▸ Aim of the task: Return the listing verbatim, images left out.

▸ Input material:

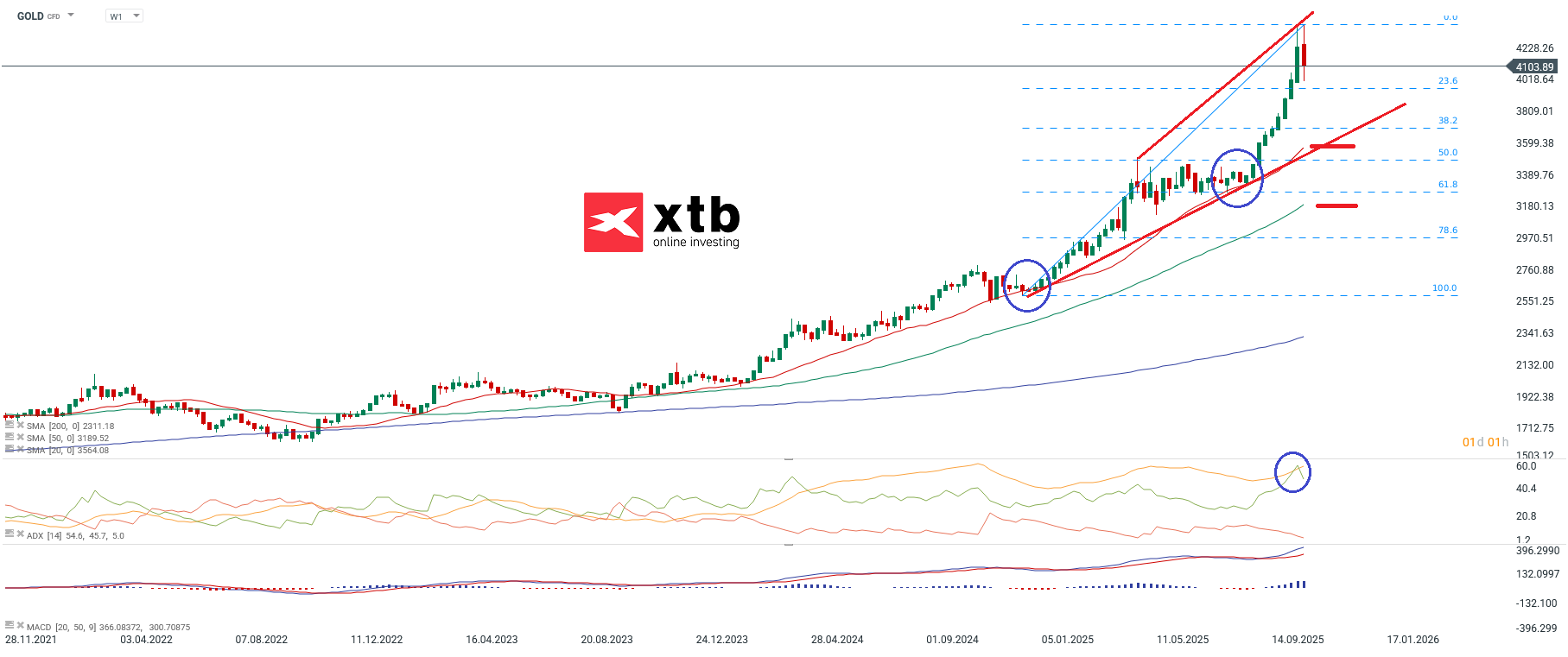 Gold: Prognose und Analyse des Goldpreise am 25.10.2025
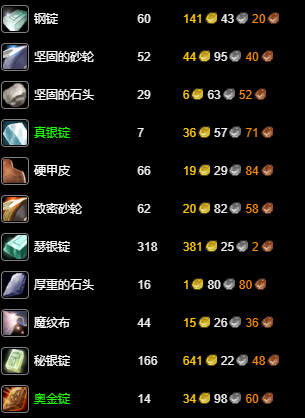 魔獸紀念服鍛造1-300怎么沖級?方法詳解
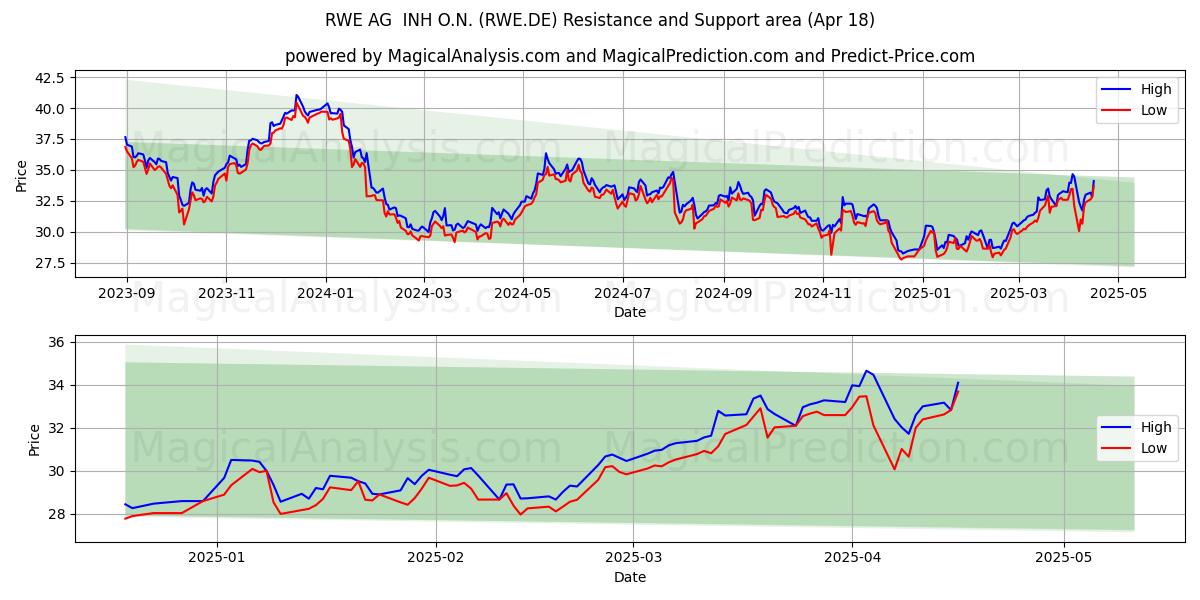  RWE AG  INH O.N. (RWE.DE) Support and Resistance area (18 Apr) 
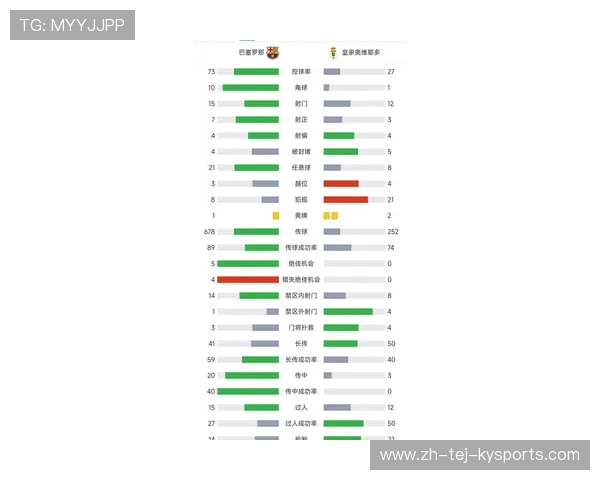 西甲联赛球队排名:西甲联赛球队的最新排名与表现 西甲联赛球队排名:西甲联赛球队的最新排名与表现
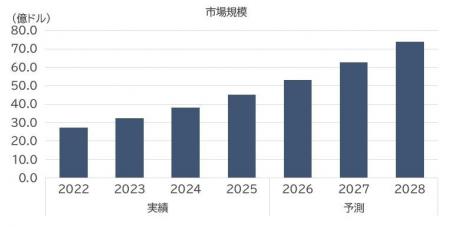 SVP注目市場分析「二酸化炭素回収・貯留(CCS)」を公 SVP注目市場分析「二酸化炭素回収・貯留(CCS)」を公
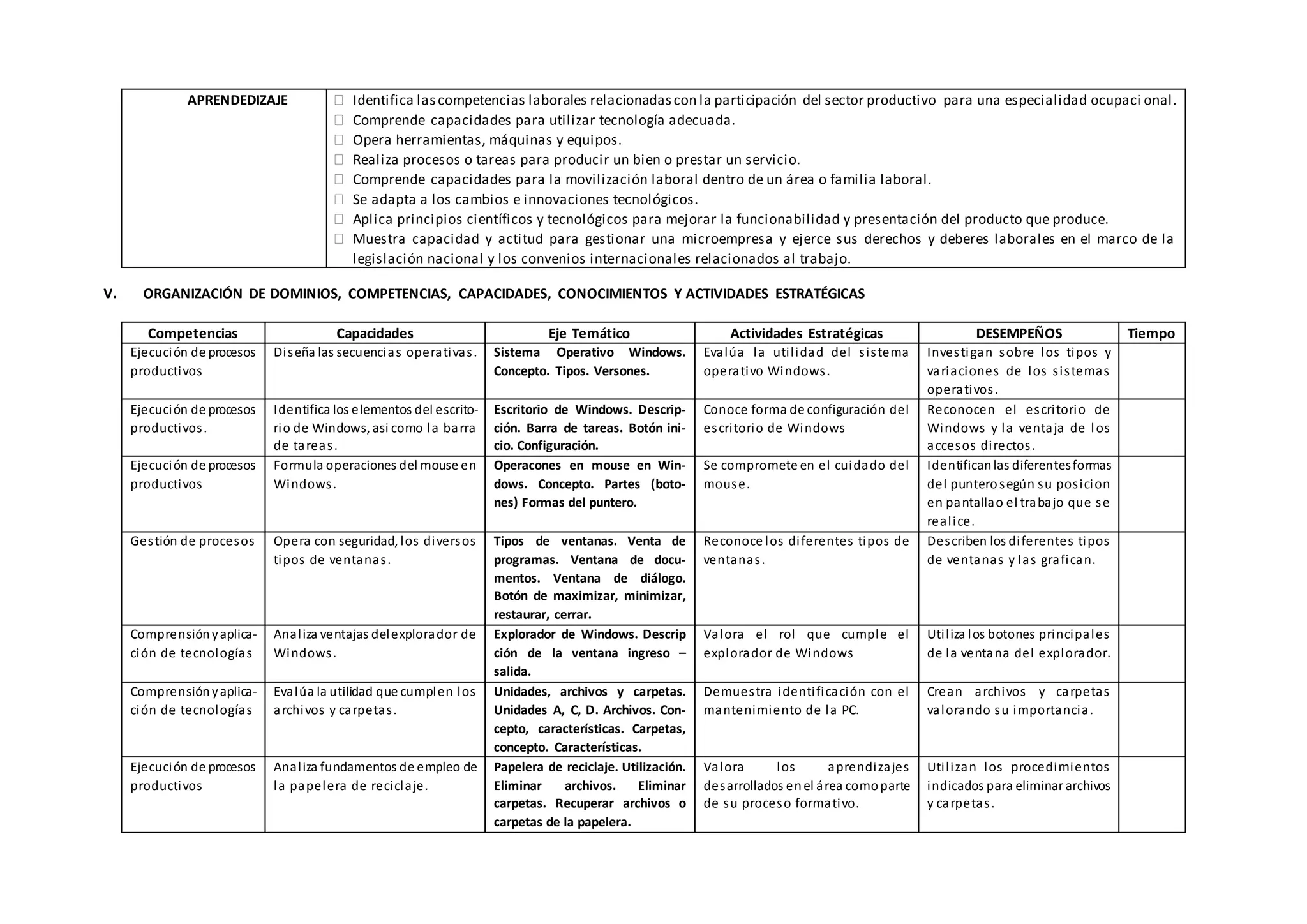 APRENDEDIZAJE  Identifica lascompetencias laborales relacionadascon la participación del sector productivo para una especialidad ocupaci onal.
 Comprende capacidades para utilizar tecnología adecuada.
 Opera herramientas, máquinas y equipos.
 Realiza procesos o tareas para producir un bien o prestar un servicio.
 Comprende capacidades para la movilización laboral dentro de un área o familia laboral.
 Se adapta a los cambios e innovaciones tecnológicos.
 Aplica principios científicos y tecnológicos para mejorar la funcionabilidad y presentación del producto que produce.
 Muestra capacidad y actitud para gestionar una microempresa y ejerce sus derechos y deberes laborales en el marco de la
legislación nacional y los convenios internacionales relacionados al trabajo.
V. ORGANIZACIÓN DE DOMINIOS, COMPETENCIAS, CAPACIDADES, CONOCIMIENTOS Y ACTIVIDADES ESTRATÉGICAS
Competencias Capacidades Eje Temático Actividades Estratégicas DESEMPEÑOS Tiempo
Ejecución de procesos
productivos
Diseña las secuencias operativas. Sistema Operativo Windows.
Concepto. Tipos. Versones.
Evalúa la utilidad del sistema
operativo Windows.
Investigan sobre los tipos y
variaciones de los sistemas
operativos.
Ejecución de procesos
productivos.
Identifica los elementos del escrito-
rio de Windows, asi como la barra
de tareas.
Escritorio de Windows. Descrip-
ción. Barra de tareas. Botón ini-
cio. Configuración.
Conoce forma de configuración del
escritorio de Windows
Reconocen el escritorio de
Windows y la ventaja de los
accesos directos.
Ejecución de procesos
productivos
Formula operaciones del mouse en
Windows.
Operacones en mouse en Win-
dows. Concepto. Partes (boto-
nes) Formas del puntero.
Se compromete en el cuidado del
mouse.
Identificanlas diferentesformas
del punterosegún su posicion
en pantallao el trabajo que se
realice.
Gestión de procesos Opera con seguridad, los diversos
tipos de ventanas.
Tipos de ventanas. Venta de
programas. Ventana de docu-
mentos. Ventana de diálogo.
Botón de maximizar, minimizar,
restaurar, cerrar.
Reconoce los diferentes tipos de
ventanas.
Describen los diferentes tipos
de ventanas y las grafican.
Comprensiónyaplica-
ción de tecnologías
Analiza ventajas delexplorador de
Windows.
Explorador de Windows. Descrip
ción de la ventana ingreso –
salida.
Valora el rol que cumple el
explorador de Windows
Utiliza los botones principales
de la ventana del explorador.
Comprensiónyaplica-
ción de tecnologías
Evalúa la utilidad que cumplen los
archivos y carpetas.
Unidades, archivos y carpetas.
Unidades A, C, D. Archivos. Con-
cepto, características. Carpetas,
concepto. Características.
Demuestra identificación con el
mantenimiento de la PC.
Crean archivos y carpetas
valorando su importancia.
Ejecución de procesos
productivos
Analiza fundamentos de empleo de
la papelera de reciclaje.
Papelera de reciclaje. Utilización.
Eliminar archivos. Eliminar
carpetas. Recuperar archivos o
carpetas de la papelera.
Valora los aprendizajes
desarrollados enel área comoparte
de su proceso formativo.
Utilizan los procedimientos
indicados para eliminar archivos
y carpetas.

▸ Solution for this exercise:
 Gold: Prognose und Analyse des Goldpreise am 25.10.2025
 魔獸紀念服鍛造1-300怎么沖級?方法詳解
  RWE AG  INH O.N. (RWE.DE) Support and Resistance area (18 Apr) 
 西甲联赛球队排名:西甲联赛球队的最新排名与表现 西甲联赛球队排名:西甲联赛球队的最新排名与表现
 SVP注目市場分析「二酸化炭素回収・貯留(CCS)」を公 SVP注目市場分析「二酸化炭素回収・貯留(CCS)」を公
 APRENDEDIZAJE  Identifica lascompetencias laborales relacionadascon la participación del sector productivo para una especialidad ocupaci onal.
 Comprende capacidades para utilizar tecnología adecuada.
 Opera herramientas, máquinas y equipos.
 Realiza procesos o tareas para producir un bien o prestar un servicio.
 Comprende capacidades para la movilización laboral dentro de un área o familia laboral.
 Se adapta a los cambios e innovaciones tecnológicos.
 Aplica principios científicos y tecnológicos para mejorar la funcionabilidad y presentación del producto que produce.
 Muestra capacidad y actitud para gestionar una microempresa y ejerce sus derechos y deberes laborales en el marco de la
legislación nacional y los convenios internacionales relacionados al trabajo.
V. ORGANIZACIÓN DE DOMINIOS, COMPETENCIAS, CAPACIDADES, CONOCIMIENTOS Y ACTIVIDADES ESTRATÉGICAS
Competencias Capacidades Eje Temático Actividades Estratégicas DESEMPEÑOS Tiempo
Ejecución de procesos
productivos
Diseña las secuencias operativas. Sistema Operativo Windows.
Concepto. Tipos. Versones.
Evalúa la utilidad del sistema
operativo Windows.
Investigan sobre los tipos y
variaciones de los sistemas
operativos.
Ejecución de procesos
productivos.
Identifica los elementos del escrito-
rio de Windows, asi como la barra
de tareas.
Escritorio de Windows. Descrip-
ción. Barra de tareas. Botón ini-
cio. Configuración.
Conoce forma de configuración del
escritorio de Windows
Reconocen el escritorio de
Windows y la ventaja de los
accesos directos.
Ejecución de procesos
productivos
Formula operaciones del mouse en
Windows.
Operacones en mouse en Win-
dows. Concepto. Partes (boto-
nes) Formas del puntero.
Se compromete en el cuidado del
mouse.
Identificanlas diferentesformas
del punterosegún su posicion
en pantallao el trabajo que se
realice.
Gestión de procesos Opera con seguridad, los diversos
tipos de ventanas.
Tipos de ventanas. Venta de
programas. Ventana de docu-
mentos. Ventana de diálogo.
Botón de maximizar, minimizar,
restaurar, cerrar.
Reconoce los diferentes tipos de
ventanas.
Describen los diferentes tipos
de ventanas y las grafican.
Comprensiónyaplica-
ción de tecnologías
Analiza ventajas delexplorador de
Windows.
Explorador de Windows. Descrip
ción de la ventana ingreso –
salida.
Valora el rol que cumple el
explorador de Windows
Utiliza los botones principales
de la ventana del explorador.
Comprensiónyaplica-
ción de tecnologías
Evalúa la utilidad que cumplen los
archivos y carpetas.
Unidades, archivos y carpetas.
Unidades A, C, D. Archivos. Con-
cepto, características. Carpetas,
concepto. Características.
Demuestra identificación con el
mantenimiento de la PC.
Crean archivos y carpetas
valorando su importancia.
Ejecución de procesos
productivos
Analiza fundamentos de empleo de
la papelera de reciclaje.
Papelera de reciclaje. Utilización.
Eliminar archivos. Eliminar
carpetas. Recuperar archivos o
carpetas de la papelera.
Valora los aprendizajes
desarrollados enel área comoparte
de su proceso formativo.
Utilizan los procedimientos
indicados para eliminar archivos
y carpetas.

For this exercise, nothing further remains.